Reading Retail Gangster made me think about other stores that seem incredible to younger generations. I recently visited Ghosts of Belltown, a large art gallery in the defunct and crumbling Bergman’s Luggage store in downtown Seattle. I talked to Nick, the proprietor, who plans to operate the space as a gallery for years to come. Nick has done an impressive job so far of activating the light-filled ground floor with murals, sculptures, and neon signage, and he has even more space upstairs at his disposal. We talked about the oddity of a downtown store that only sold luggage; even before online retail took off, one could buy suitcases at the huge (and now-defunct) department store across the street, or from any number of general-purpose retailers. In addition, well-built suitcases can last for a decade or more; how often would people need to buy luggage to sustain a fully staffed retail store in a prime location? The last time I was in Portland, I was walking around near the convention center, and I noticed Stark’s Vacuums, a 90-year-old shop that sells, rents, and services vacuum cleaners. I didn’t walk through Stark’s, but I was still stunned it remained in business: it seems like most people I know buy a vacuum very infrequently, vacuum reviews and sales are easy to find online, and even modestly priced vacuums are built well enough that they will work for years with only a minimum of maintenance. My neighborhood, too, had a vacuum store, until it closed in 2020; I am impressed that its parent company, still open in other locations, has operated continuously since 1985.

One of the nice things about cities is that they can sustain businesses that seem so niche as to be impossible.

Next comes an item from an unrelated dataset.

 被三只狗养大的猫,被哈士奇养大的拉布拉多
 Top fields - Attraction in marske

I heard a recording of a Ricky Gervais Show episode from 2003 about a shop in London that only sold chess pieces and supplies for the game of bridge; in 2017, I was on Baker Street in London, and Chess & Bridge was still in business, as it is today. Last year, I visited the charming and walkable downtown of Edmonds, Washington, about 10 miles north of my home, and found shops that sell lavender products and rocks and gemstones exclusively. I was impressed that they could specialize so narrowly and still have a loyal and dedicated customer base.

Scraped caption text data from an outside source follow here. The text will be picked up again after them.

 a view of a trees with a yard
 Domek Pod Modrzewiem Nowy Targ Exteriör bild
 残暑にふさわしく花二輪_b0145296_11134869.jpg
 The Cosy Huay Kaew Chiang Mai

I do a lot of my shopping online, especially for commodity products that I could get anywhere, but there are some physical stores that are destinations all by themselves. When I’m shopping for products that I don’t know much about, like paint and tiles for my home, I appreciate stores where the sales staff know what they’re talking about. All the reading in the world can’t prepare me for the experience of walking into a big showroom, surrounded by products that I don’t understand. I also appreciate that, even while I’m on the go, I can look up information about products before I make a purchase. Crazy Eddie and its high-pressure salesmen have given way to a world where consumers can be educated by third parties before and during the sales process. That helps me shop with more confidence.

At time of publication, I worked for a division of Amazon. The opinions in this article are strictly my own and don’t represent those of my employer.